▶ **INFORMATION SUPPLIED**
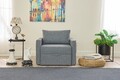 Canapea extensibilă cu 1 loc, Balcab Home, 825BLC4731, Cadru: 100% LEMN DE BRAD, Gri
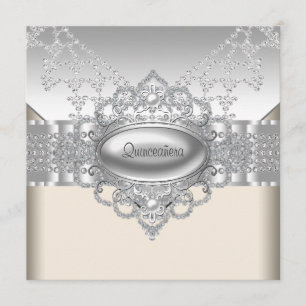 Invitaciones blancas de Quinceanera de las perlas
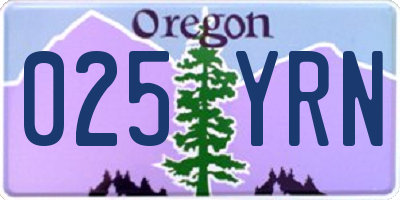 OR license plate 025YRN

▶ **INSTRUCTIONS FOR THE TASK**
Apart from the pictures, every line of the material above is to be returned word for word.

▶ **SOLUTION**
 Canapea extensibilă cu 1 loc, Balcab Home, 825BLC4731, Cadru: 100% LEMN DE BRAD, Gri
 Invitaciones blancas de Quinceanera de las perlas
 OR license plate 025YRN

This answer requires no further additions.